Lawyers say no to crime bill

On Jan. 27 a story ran in the Yukon News in which Justice Minister Mike Nixon stated that he did not think the omnibus crime bill will be a problem for the territory.

On Jan. 27 a story ran in the Yukon News in which Justice Minister Mike Nixon stated that he did not think the omnibus crime bill will be a problem for the territory.

With respect, the Canadian Bar Association and particularly, the criminal law section of the Yukon branch of the CBA, strongly disagrees and we are not in support of Bill C-10.

The bill is actually titled The Safe Streets and Communities Act, which is ironic considering the Yukon and Canada have some of the safest streets in the world and an overall declining crime rate. Many years of research have shown what actually reduces crime: a) addressing child poverty, b) providing services for people with mental illness or FASD, c) diverting young offenders from the adult justice system, d) rehabilitating prisoners and helping them reintegrate into society.

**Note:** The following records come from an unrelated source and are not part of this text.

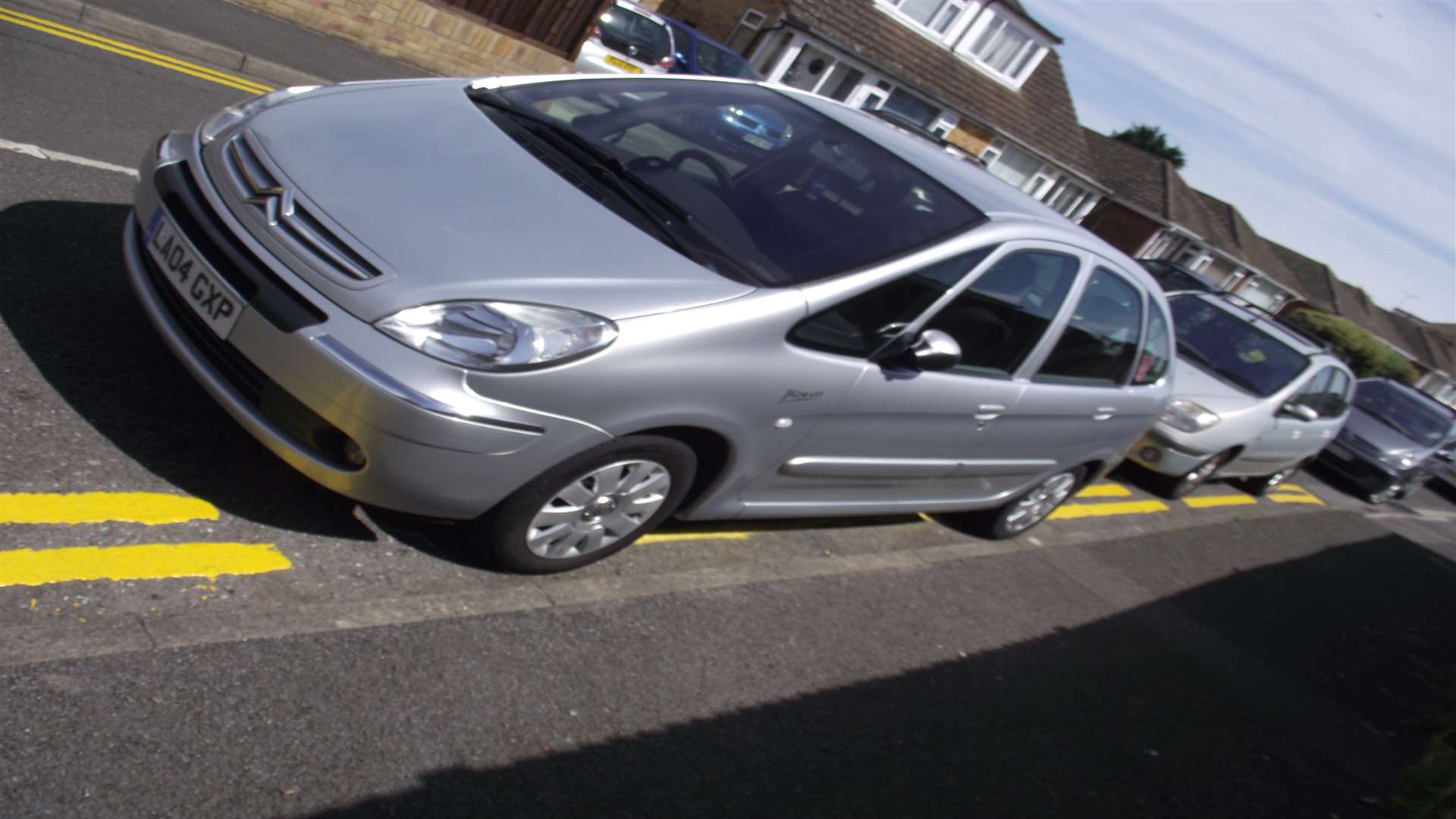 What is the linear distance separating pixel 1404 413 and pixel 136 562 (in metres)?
17.8

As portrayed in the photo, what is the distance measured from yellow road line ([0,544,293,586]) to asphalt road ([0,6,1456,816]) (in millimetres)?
15

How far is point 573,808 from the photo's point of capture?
2.96 m

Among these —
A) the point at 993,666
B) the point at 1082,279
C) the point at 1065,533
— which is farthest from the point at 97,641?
the point at 1065,533

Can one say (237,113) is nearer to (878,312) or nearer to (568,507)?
(568,507)

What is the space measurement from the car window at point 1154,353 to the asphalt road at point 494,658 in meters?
1.38

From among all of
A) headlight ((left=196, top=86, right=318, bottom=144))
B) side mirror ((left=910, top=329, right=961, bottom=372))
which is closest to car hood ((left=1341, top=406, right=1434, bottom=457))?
side mirror ((left=910, top=329, right=961, bottom=372))

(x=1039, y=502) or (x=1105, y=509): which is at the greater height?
(x=1039, y=502)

Bill C-10 will actually eliminate conditional sentences for minor and property offenders and instead send those offenders to jail. Mandatory minimums replacing conditional sentences will victimize the most vulnerable by shipping people from remote, rural and northern communities far from their families to serve time.

In the Yukon, aboriginal people are already overrepresented in the justice system. According to the Yukon Department of Justice pamphlet Facts 2011, page 20, in 2010 the number of First Nation individuals incarcerated at the Whitehorse Correctional Centre was 185 (75 per cent) versus 61 nonFirst Nation individuals. The 2006 Census of Canada noted that 25 per cent of the Yukon’s population identified themselves as aboriginal.

Bill C-10 further criminalizes not only aboriginal people, but also people who are poor, mentally ill and disabled (for example, FASD) who are already overrepresented in the Yukon and federal justice systems. Bill C-10 does this by increasing the punishments for more crimes and by limiting the discretion of our judges who are in the best position to look at the individual factors of each case at sentencing.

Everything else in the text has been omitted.